Task. Whatever lies between the line that holds "Disney Baby Minnie" and the final line of the records below, both included, should be repeated exactly; leave out the pictures and add nothing.

Data entries
───

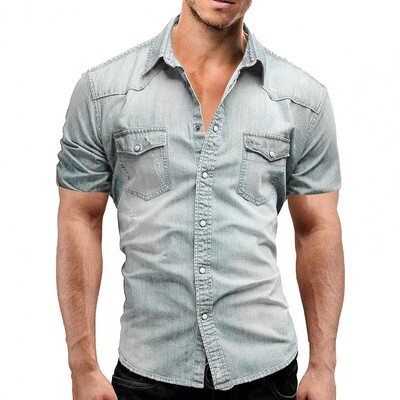 Teksasärk, kokkutõmbumiskindel kontorisärk, nööbid, klapp Klassikaline suvine ühevärviline teksasärk Top Streetwear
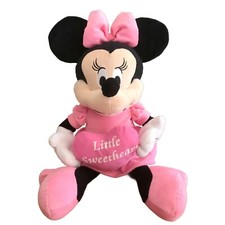 Disney Baby Minnie Mouse Little Sweetheart Pink Plush Stuffed Toy Bow Heart 21"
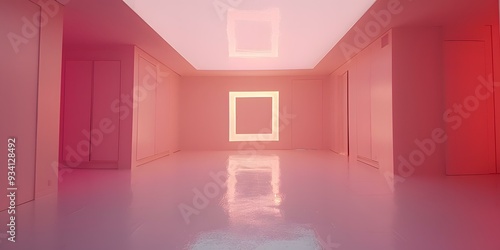 Pink Room Interior Design with Light Reflection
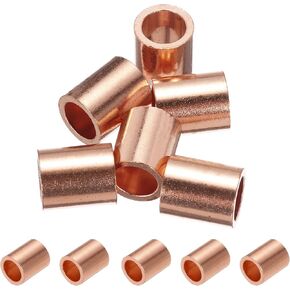 PATIKIL 3/8"/ 6mm Wire Rope Stop Sleeve, 6 Pack Copper Crimping Loop Sleeve End for Wire Rope Cable Ferrule, Gold Tone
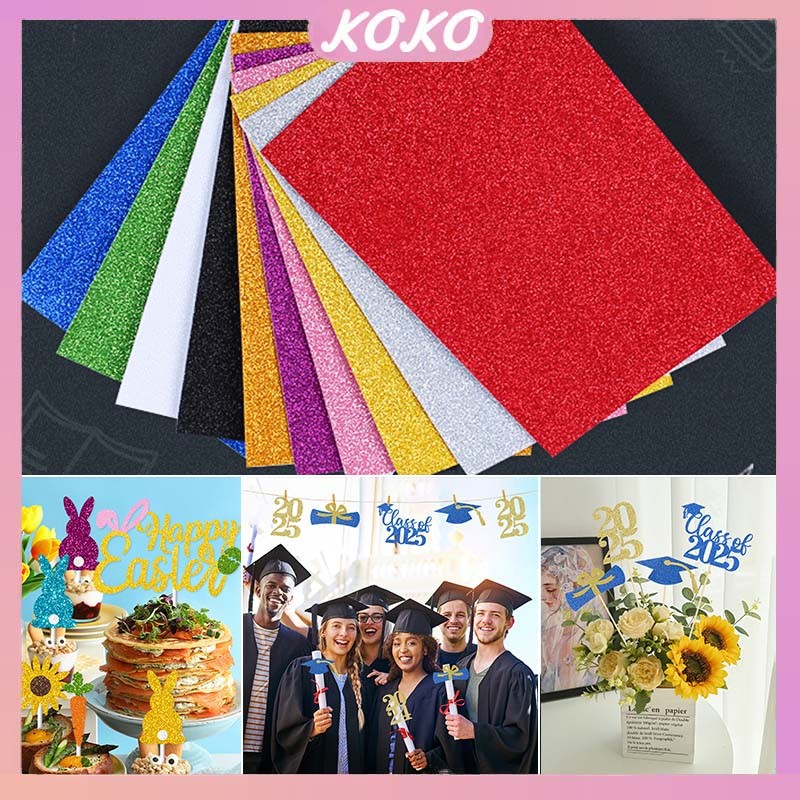 

【10 Lembar 20x30cm】Menebal Eva Di Foam Art Glitter Sticker 20x30cm Papel Goma Glitter Sticker A4 Eva Foam Art Sticker Glitter
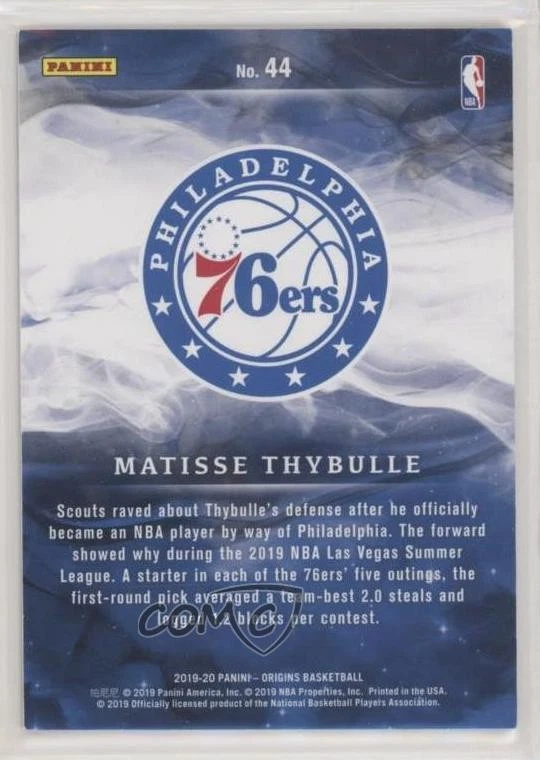 2019-20 Panini Origins FOTL FOTL Purple /21 Matisse Thybulle #44 Rookie RC - Image 2 of 2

───

Answer space.
 Disney Baby Minnie Mouse Little Sweetheart Pink Plush Stuffed Toy Bow Heart 21"
 Pink Room Interior Design with Light Reflection
 PATIKIL 3/8"/ 6mm Wire Rope Stop Sleeve, 6 Pack Copper Crimping Loop Sleeve End for Wire Rope Cable Ferrule, Gold Tone

【10 Lembar 20x30cm】Menebal Eva Di Foam Art Glitter Sticker 20x30cm Papel Goma Glitter Sticker A4 Eva Foam Art Sticker Glitter
 2019-20 Panini Origins FOTL FOTL Purple /21 Matisse Thybulle #44 Rookie RC - Image 2 of 2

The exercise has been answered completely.